• [What is being asked] Without any pictures, retype exactly the lines from the one with "Border Collie and" through the final line of the records.

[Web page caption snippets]
• • •

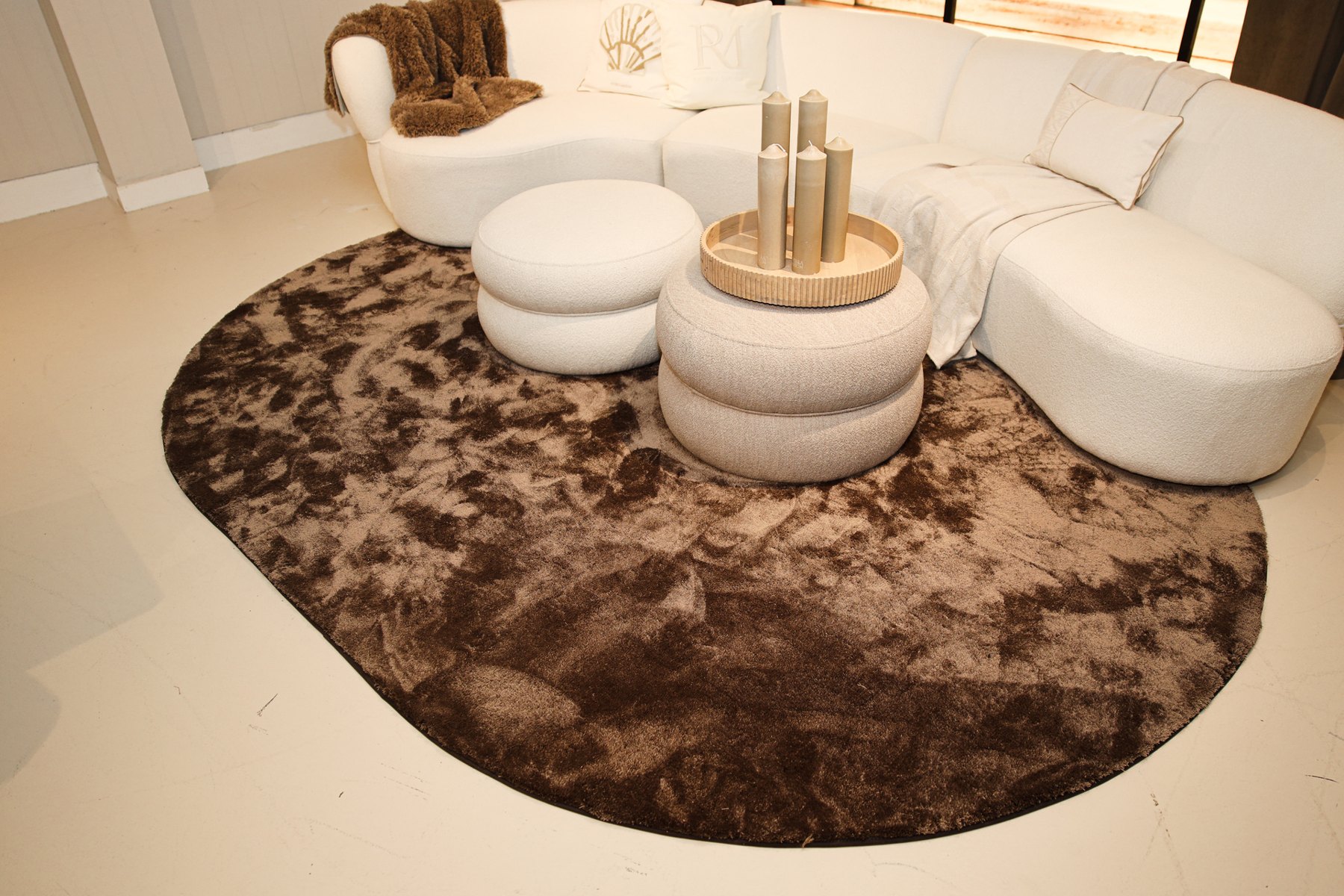 Rond Rivièra Maison Sophisticate vloerkleed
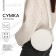 Women's Bag round of artificial leather, 18x18 cm, white color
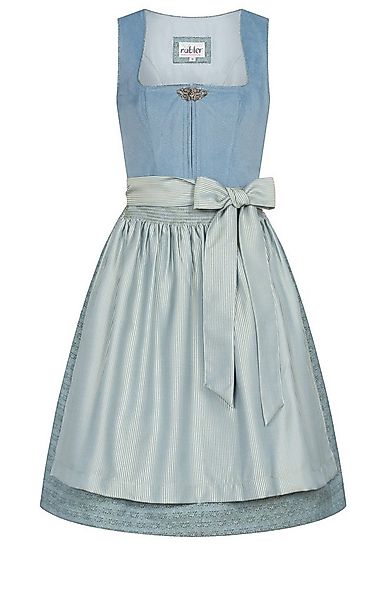 Nübler Dirndl Mini Dirndl Ganja in Rauchblau von Nübler günstig online kaufen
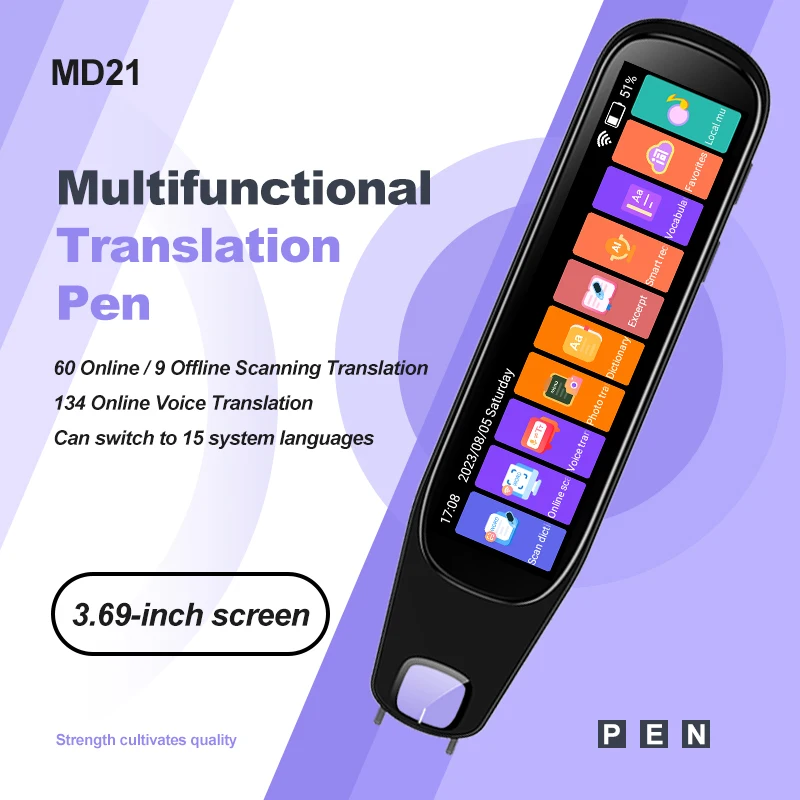 OEM Factory Price Portable Language Voice Translator Scanner Scanning Translation Pen Business for Travel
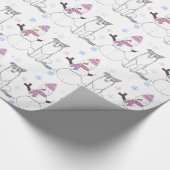 Border Collie and Snowman Cadeaupapier (Hoek)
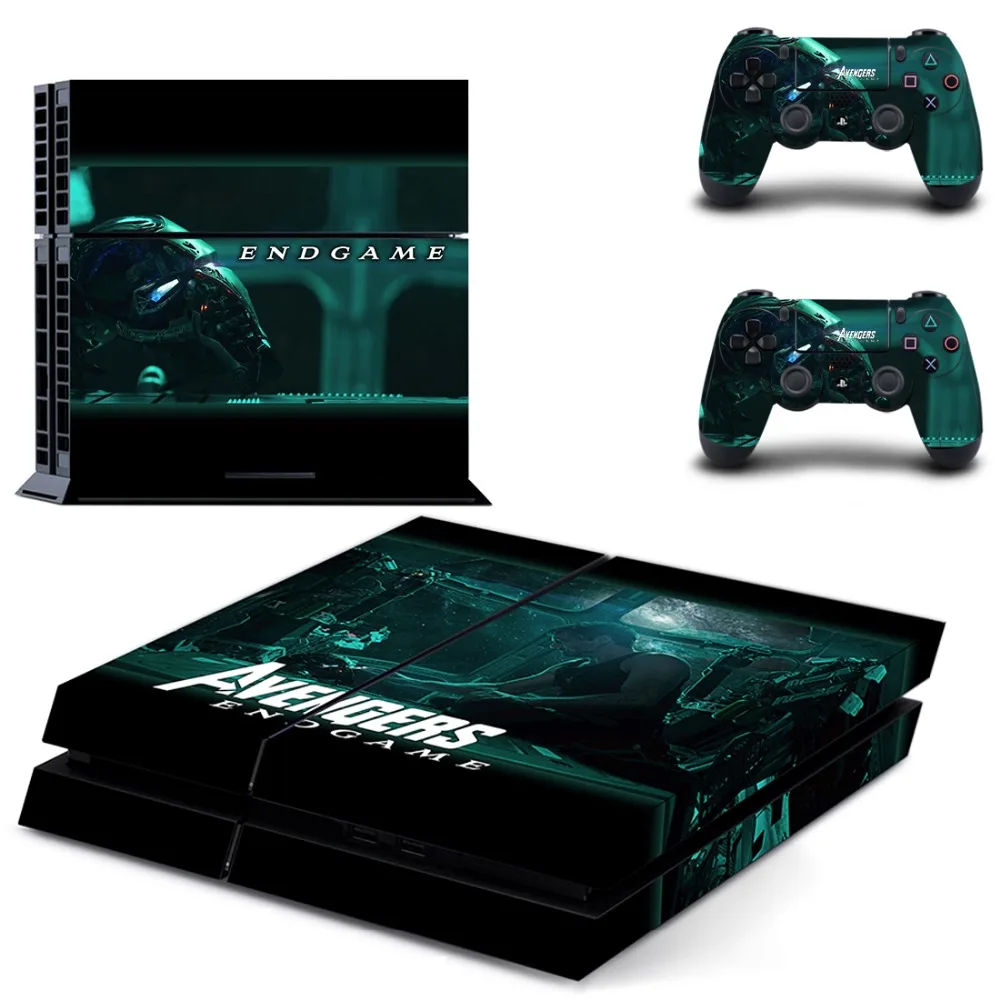 Мстители эндигра полное покрытие лицевые панели наклейка для PS4 Наклейка для playstation 4 консоль и контроллеры наклейка для PS4 виниловая наклейка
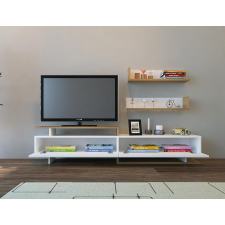 TUTI AG TV szekrény Ayaz - White, Teak bútor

• • •

• [Output for this task]
 Border Collie and Snowman Cadeaupapier (Hoek)
 Мстители эндигра полное покрытие лицевые панели наклейка для PS4 Наклейка для playstation 4 консоль и контроллеры наклейка для PS4 виниловая наклейка
 TUTI AG TV szekrény Ayaz - White, Teak bútor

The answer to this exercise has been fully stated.